START SUPPLIED DATA

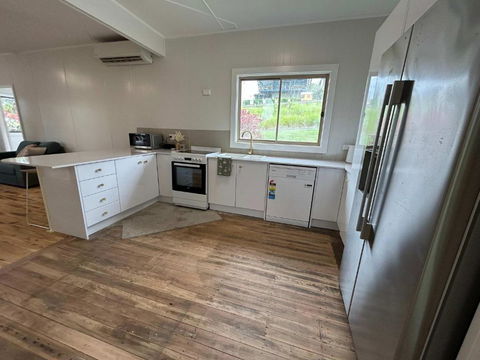 Coastal Echo - Oceanstays - Pet Friendly - Yamba Accommodation 3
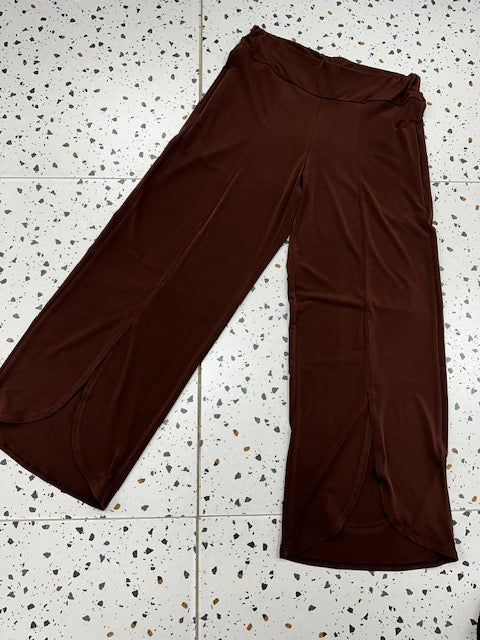 Philosophy Australia Petal Split 7/8 Pants - Chocolate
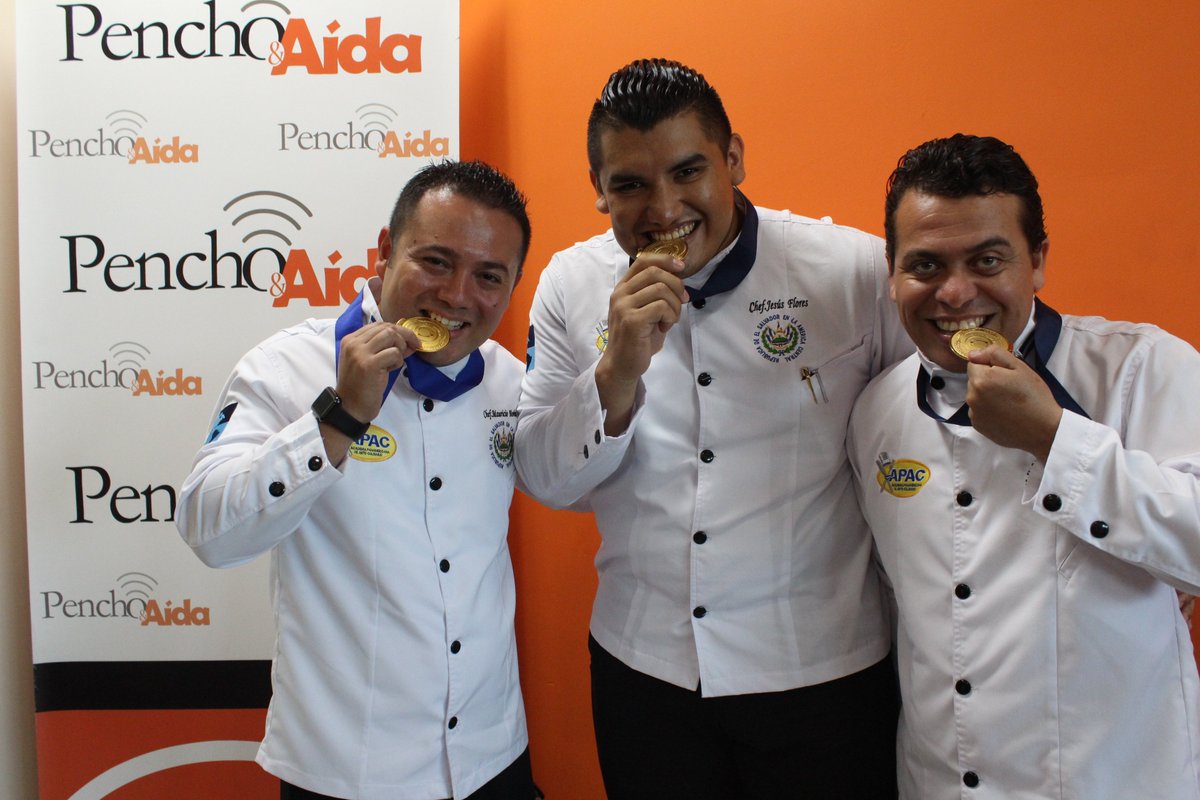 SomosLaTribuFM's tweet photo. Estamos con @MauricioTopChef, Enrique Salazar y Jesús Flores, ganadores del Foro Panamericano de Asociaciones Gastronómicas Profesionales. https://t.co/M29QQTCWTe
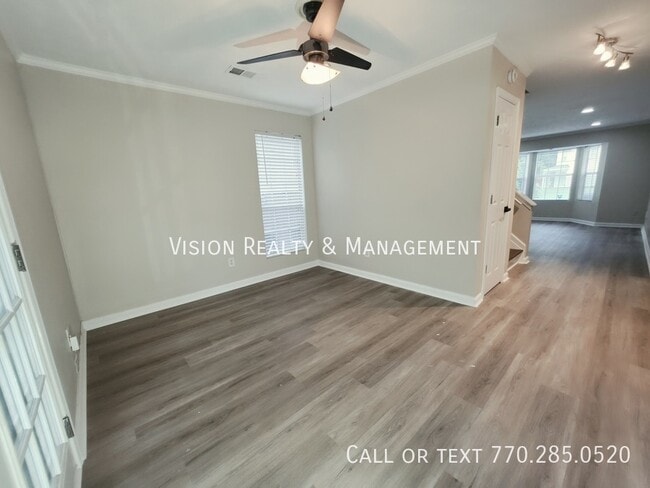 Building Photo - 5025 Brittany Dr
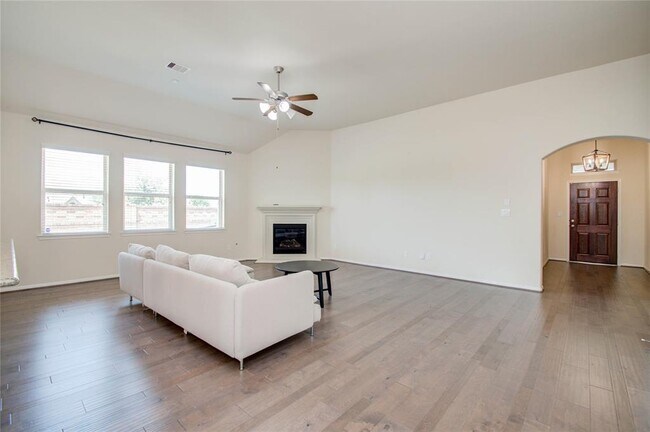 Building Photo - 24019 Via Viale Dr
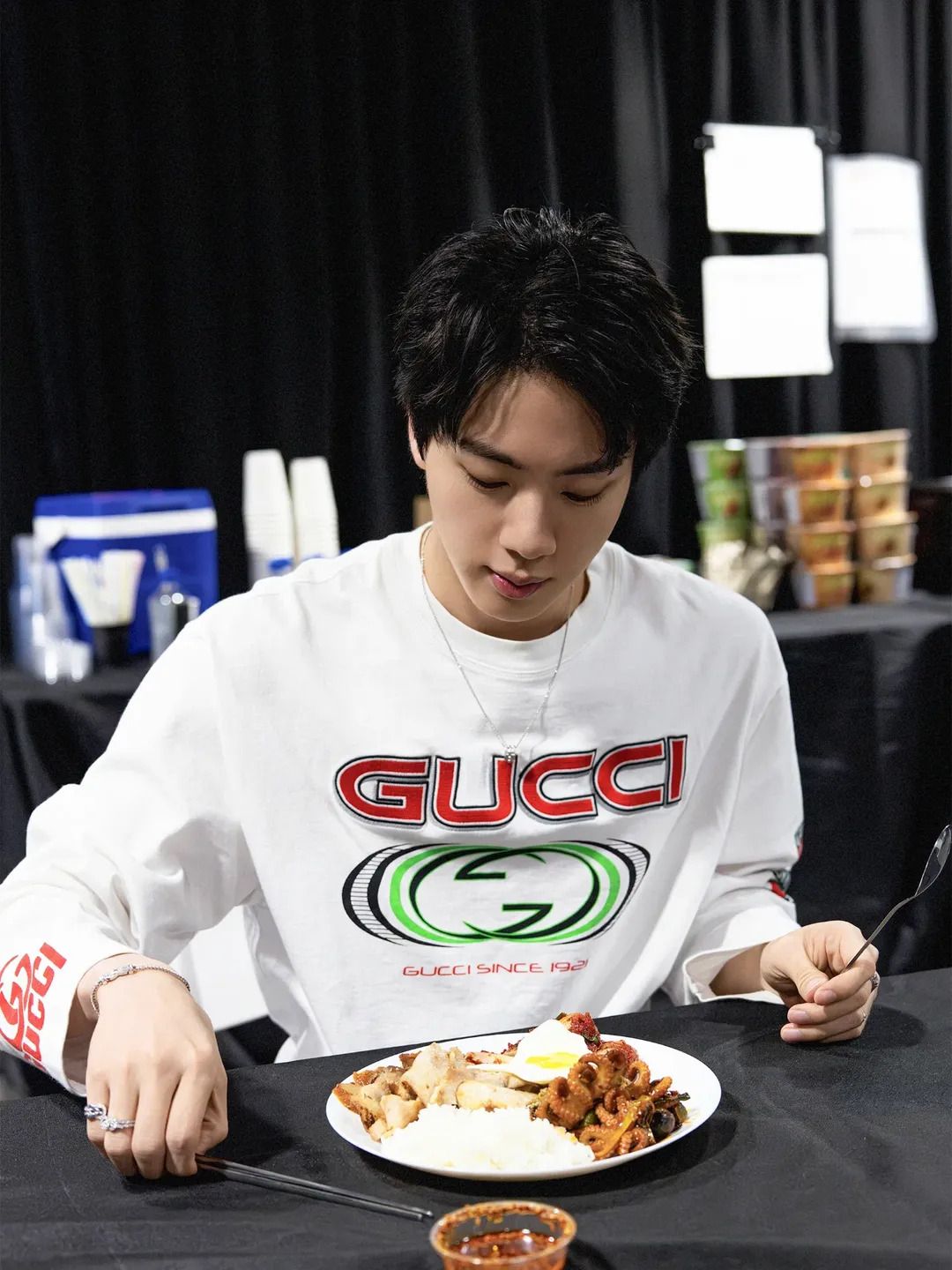 BTS 진 패션 | 인스타그램 @jin, @bts.bighitofficial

END SUPPLIED DATA

◆ **REQUIREMENT**
Exactly as written, restate the lines from the one that contains "Building Photo - 5025 Brittany Dr" through the final line of the data, both ends included, but leave out the pictures.

◆ **RESPONSE BELOW**
 Building Photo - 5025 Brittany Dr
 Building Photo - 24019 Via Viale Dr
 BTS 진 패션 | 인스타그램 @jin, @bts.bighitofficial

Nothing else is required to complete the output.